The following table provides operational data through December 31, 2015, for our operated Ohio Utica wells.

 

                   Periodic Flow Rates (MMcf/d)         

Period

   Gross Operated
Wells Turned
Into Sales
     Average Lateral
Length (Feet)
     0-90      91-180      181-360      361-720      D&C
($/Foot)
 

2014

     3         8,238         14.3         15.3         16.2         N/A       $ 2,457   

2015

     13         9,759         15.5         14.3         N/A         N/A       $ 1,653   
  

 

 

    

 

 

    

 

 

    

 

 

    

 

 

    

 

 

    

 

 

 

Total(1)

     16         9,474         15.3         14.5         16.2         N/A       $ 1,802   

 

1. With the exception of wells turned into sales, totals represent averages weighted by number of wells.

Midstream Segment

For the fourth quarter, average daily throughput was 1,026 MDth/d, a 74% increase relative to fourth quarter 2014, with 25% attributable to third-party volumes. Gathering, compression and water distribution revenues totaled $38.8 million for the quarter. Operation and maintenance expenses totaled $6.0 million, and operating income was $17.6 million.
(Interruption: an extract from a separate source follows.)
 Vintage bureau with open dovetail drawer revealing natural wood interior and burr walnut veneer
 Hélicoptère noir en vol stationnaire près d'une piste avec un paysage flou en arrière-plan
For the year ended December 31, 2015, average daily throughput was 894 MDth/d, with 22% attributable to third-party volumes. Gathering, compression and water distribution revenues totaled $141.8 million. Operation and maintenance expenses totaled $17.0 million, and operating income was $75.7 million.

 

4


Rice Midstream Partners LP (NYSE: RMP) (“RMP” or the “Partnership”)

Average daily throughput for the fourth quarter was 703 MDth/d, a 36% increase relative to fourth quarter 2014, with 18% attributable to third-party volumes. Water services volumes totaled 202 million gallons, with 58% attributable to third-party volumes. The Partnership reported net income attributable to limited partners of $12.5 million, or $0.18 per limited partner unit.

As of December 31, 2015, RMP had $307 million of undrawn capacity on its revolving credit facility and $8 million of cash on hand, resulting in $315 million of total liquidity.

On January 22, 2016, RMP declared its quarterly distribution of $0.1965 per unit for the fourth quarter 2015, an increase of $0.003 per unit relative to third quarter 2015. The distribution was payable on February 11, 2016 to unitholders of record as of February 2, 2016.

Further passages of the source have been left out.